On the Robustness of Tabular Foundation Models: Test-Time Attacks and In-Context Defenses
Pith reviewed 2026-05-19 10:46 UTC · model grok-4.3
The pith
Tabular foundation models drop in accuracy from small structured test-time perturbations even with fixed context, and can generate transferable attacks on other models, but incremental adversarial replacement of context instances improves,
A machine-rendered reading of the paper's core claim, the machinery that carries it, and where it could break.
Core claim
Small structured perturbations to test inputs significantly degrade prediction accuracy of tabular foundation models even when the training context remains fixed. Tabular foundation models can be repurposed to generate transferable evasion attacks against conventional models such as random forests and XGBoost.
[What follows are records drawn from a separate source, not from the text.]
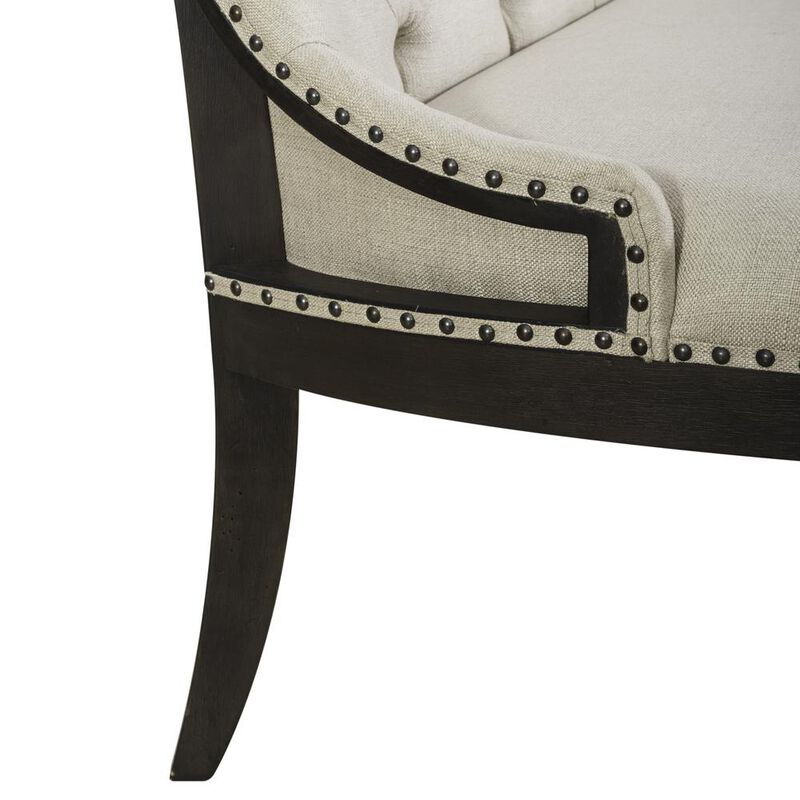 Liberty Furniture Americana Farmhouse Upholstered Shelter Dining Bench- Black in Dusty Taupe image number 6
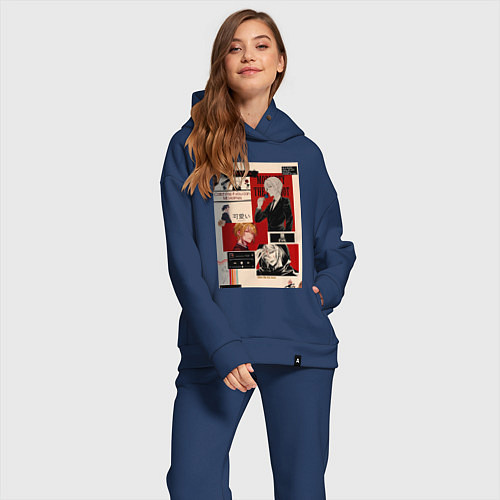 Женский костюм оверсайз Патриотизм Мориарти Луис Джеймс коллаж / Тёмно-синий – фото 2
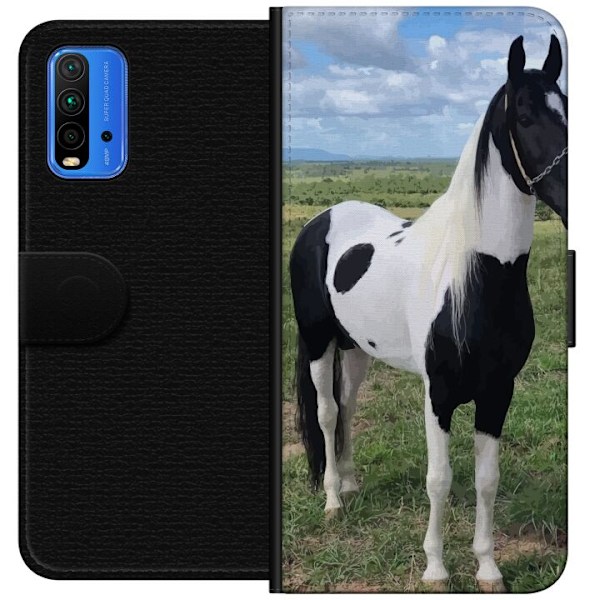 Xiaomi Redmi Note 9 4G Plånboksfodral Hästmagi – stiliserad häst i lugn färgskala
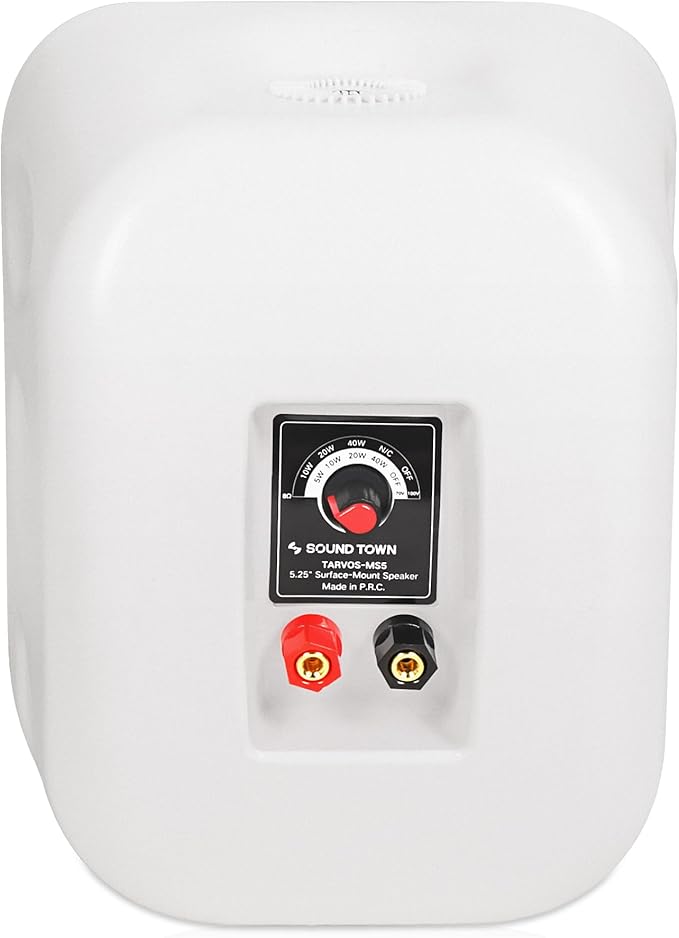 Sound Town Commercial Restaurant Bluetooth Amplifier + Surface-Mount Speaker Set, with One 6-Zone 70V/100V Amplifier with Bluetooth, 4 x 5.25-Inch Surface-Mount Speakers, White (STCA180X4MS5W)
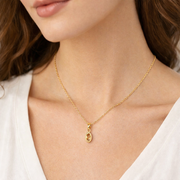 CMF00345C.14K Solid Gold Oval-Shaped Cushion Cut Diamond Charm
Formulating the robustification problem as optimization over context via incremental replacement with adversarial perturbed instances, without updating model weights, yields improved robustness across the tested tabular benchmarks.
What carries the argument
In-context adversarial learning strategy that incrementally replaces context instances with adversarial perturbed instances to optimize robustness without updating model weights.
Load-bearing premise
The assumption that incremental replacement of context instances with adversarial perturbations produces a general and stable robustness improvement that holds beyond the three specific benchmarks and particular tabular models tested without further validation of transfer or long-term stability.
What would settle it
A controlled experiment applying the incremental context-replacement procedure to a previously untested tabular foundation model on a new domain benchmark and measuring whether robustness gains disappear would settle the claim.
Figures
read the original abstract
Recent tabular Foundational Models (FM) such as TabPFN and TabICL, leverage in-context learning to achieve strong performance without gradient updates or fine-tuning. However, their robustness to adversarial manipulation remains largely unexplored. In this work, we present a comprehensive study of the adversarial vulnerabilities of tabular FM, focusing on both their fragility to targeted test-time attacks and their potential misuse as adversarial tools. We show on three benchmarks in finance, cybersecurity and healthcare, that small, structured perturbations to test inputs can significantly degrade prediction accuracy, even when training context remain fixed. Additionally, we demonstrate that tabular FM can be repurposed to generate transferable evasion to conventional models such as random forests and XGBoost, and on a lesser extent to deep tabular models. To improve tabular FM, we formulate the robustification problem as an optimization of the weights (adversarial fine-tuning), or the context (adversarial in-context learning). We introduce an in-context adversarial training strategy that incrementally replaces the context with adversarial perturbed instances, without updating model weights. Our approach improves robustness across multiple tabular benchmarks. Together, these findings position tabular FM as both a target and a source of adversarial threats, highlighting the urgent need for robust training and evaluation practices in this emerging paradigm.
Editorial analysis
A structured set of objections, weighed in public.
Referee Report
Summary. The manuscript examines the adversarial robustness of tabular foundation models such as TabPFN and TabICL that rely on in-context learning without gradient updates. It empirically demonstrates on three benchmarks (finance, cybersecurity, healthcare) that small structured perturbations to test inputs can significantly degrade prediction accuracy even when the training context is held fixed. The work further shows that these models can be repurposed to generate transferable evasion attacks against conventional models including random forests and XGBoost (and to a lesser extent deep tabular models). To mitigate vulnerabilities, the authors formulate robustification either via adversarial fine-tuning of weights or via adversarial in-context learning; they introduce an incremental replacement strategy that substitutes context instances with adversarially perturbed examples and report improved robustness across the benchmarks.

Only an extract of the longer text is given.